The literature curation and data recording procedures have remained unchanged over the past four years. First, queries are sent to the PubMed database (http://www.ncbi.nlm.nih.gov/entrez/query.fcgi?db=PubMed) for publications related to ‘RNAi’ and ‘siRNA’. Then, the abstracts of the publications are screened, and the full text articles likely to contain information about RNAi gene silencing experiments are retrieved and further examined. Next, for each article containing descriptions of RNAi experiments, the siRNA sequences, the target genes and other key information about experimental conditions are recorded. This information includes: the cells or tissues in which the RNAi experiments were conducted, the forms of the siRNA agents—chemically synthesized oligos or vector transfected shRNAs, and the methods applied in testing the efficacy of the siRNAs—western blot, RT–PCR or others. The siRNA sequences are aligned with the mRNA sequences of the target genes using bl2seq (http://www.ncbi.nlm.nih.gov/blast/bl2seq/wblast2.cgi), and the aligned sequences are recorded.

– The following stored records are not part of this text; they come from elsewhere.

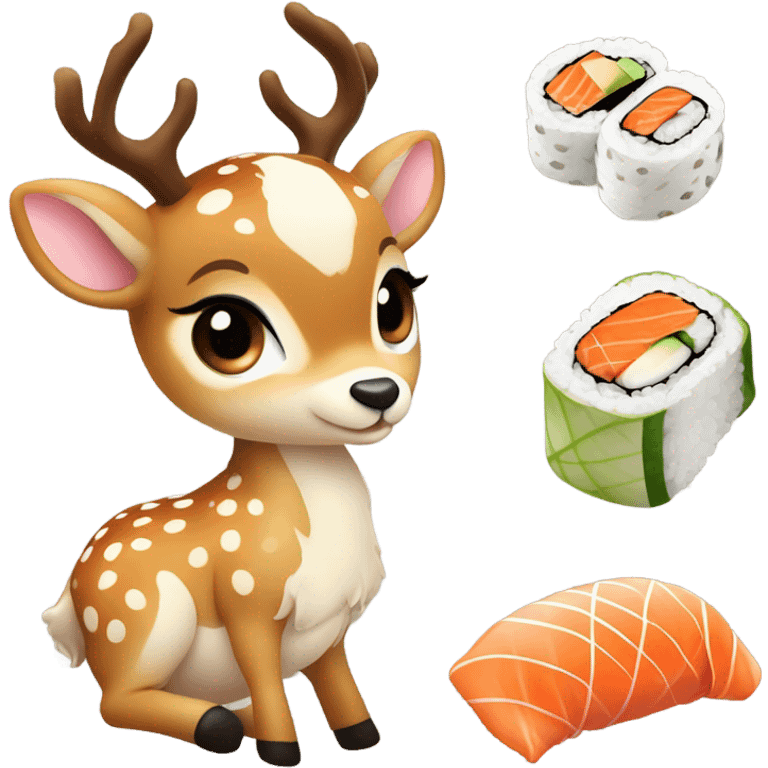 Baby deer with sushi emoji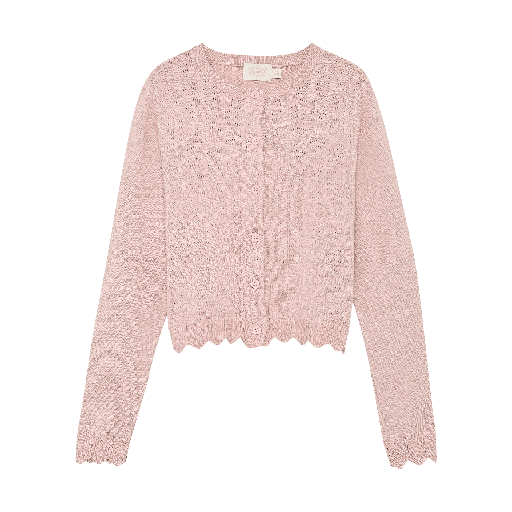 [01-37403.19] Mädchen Strickjacke mit Lochmuster (Hellrosa, 98)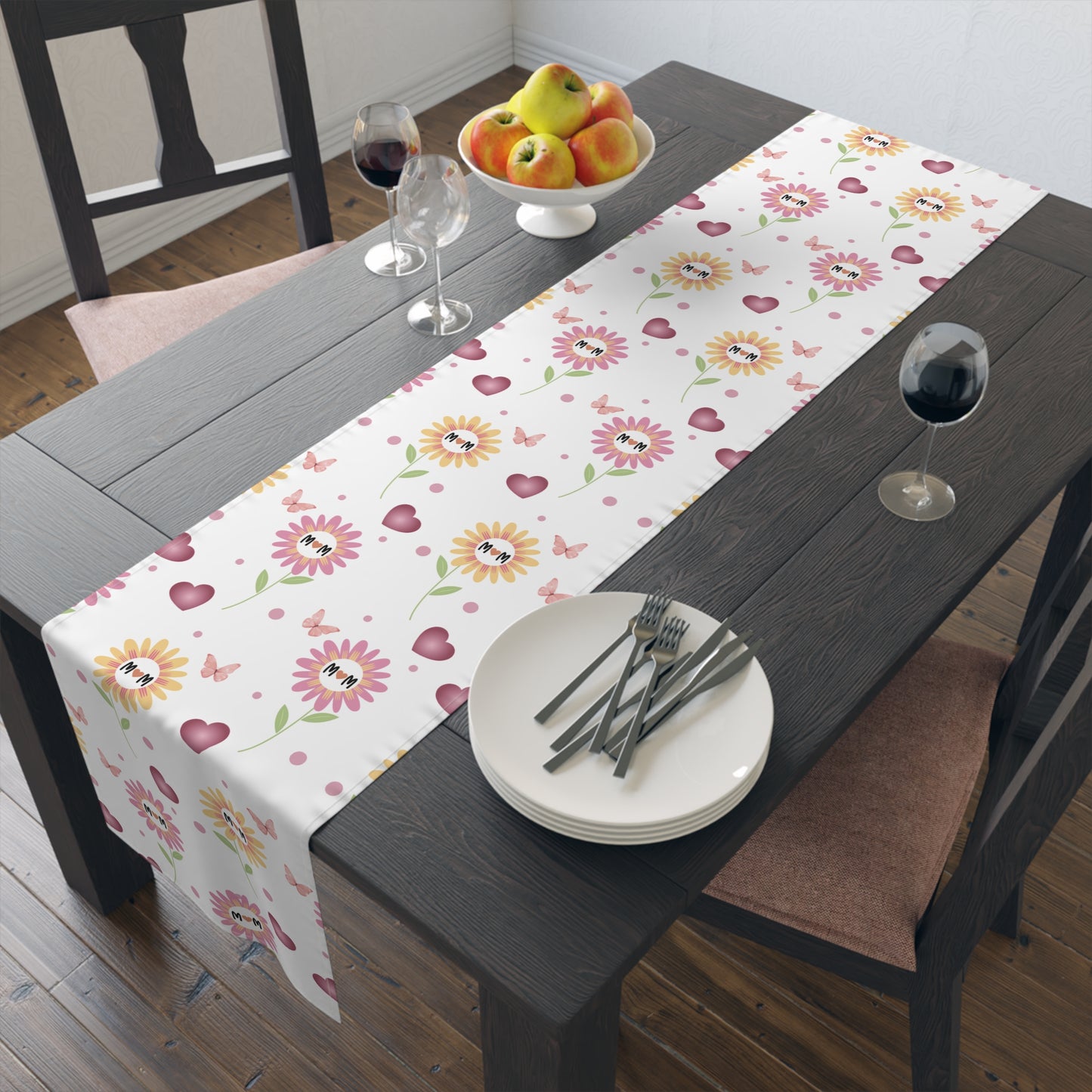 Floral Hearts Mom Table Runner
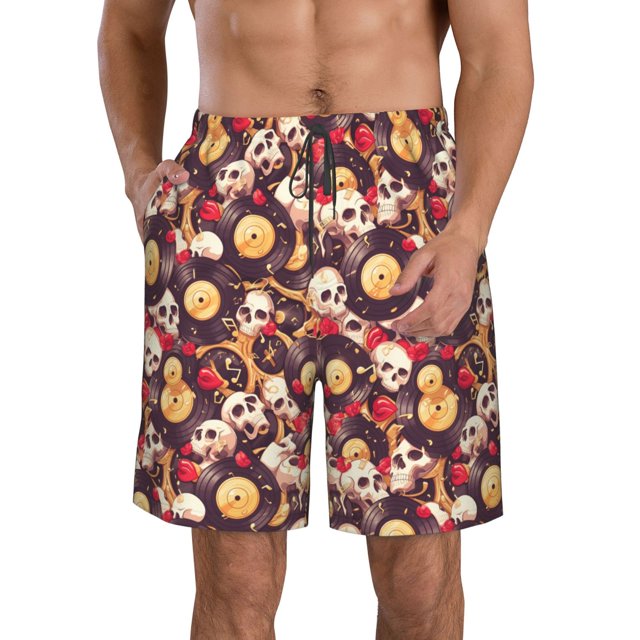 Adobk Skull record lips Print Men's Swim Trunks Hawaiian Bathing Suit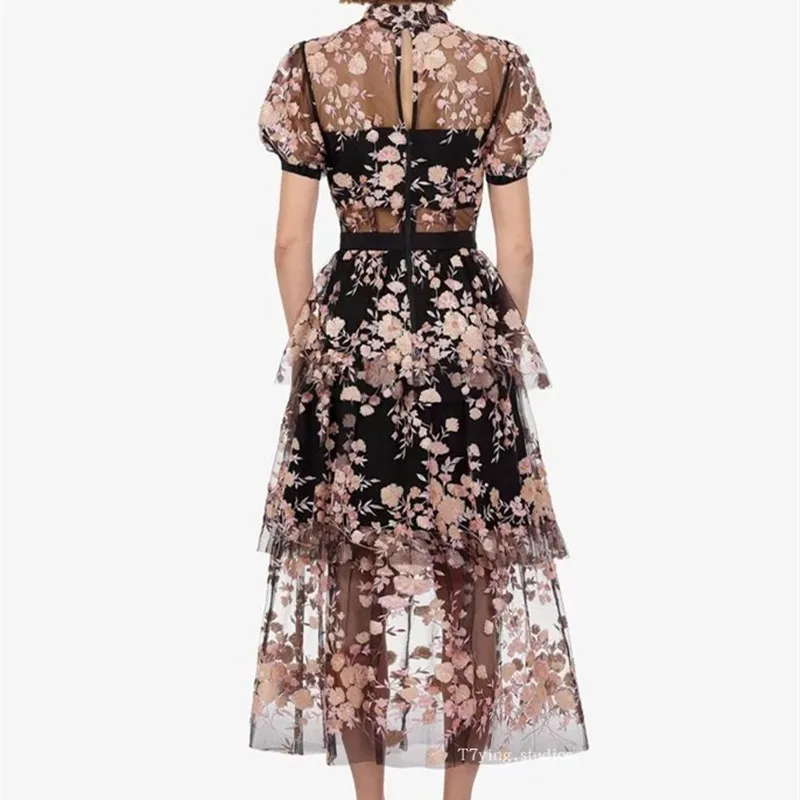 Женское платье с вышивкой и блестками длинное вечернее высокой талией коротким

Moreover, an efficacy rating is assigned to each RNAi experiment, based on the description about the result of the gene silencing experiment made in the article. The efficacy rating scheme was designed with balanced considerations. A very coarse-grained rating scheme (for example, a binary scheme that rates siRNAs with ‘effective’ and ‘ineffective’) would result in poor usefulness of the database because of the limited information it provides. On the other hand, a very fine-grained rating scheme (for example, one that classifies siRNAs into 10 efficacy categories) would lead to difficulty in obtaining accurate ratings, resulting in a less reliable database being produced. We balanced these two factors and chose to use a four-level rating scheme, where the efficacy of an RNAi experiment is rated as ‘very high’ if the gene product is reduced by more than 90%; it is rated as ‘high’ if the gene product is reduced by 70–90%; ‘medium’ if between 50% and 70% of gene knockdown is achieved; and ‘low’ if less than 50% of gene knockdown is obtained. The informative sentences in the original articles describing the siRNA efficacy are copied down and stored in the ‘original_assessment’ field in the database. When adequate textual descriptions about the siRNA efficacy are not available, best efforts are made to assign the efficacy rating scores based on the figures (gel images or summary bar-graphs) presented in the articles, and this information (the basis of the efficacy score assignment) is also kept in the ‘original_assessment’ field in the database.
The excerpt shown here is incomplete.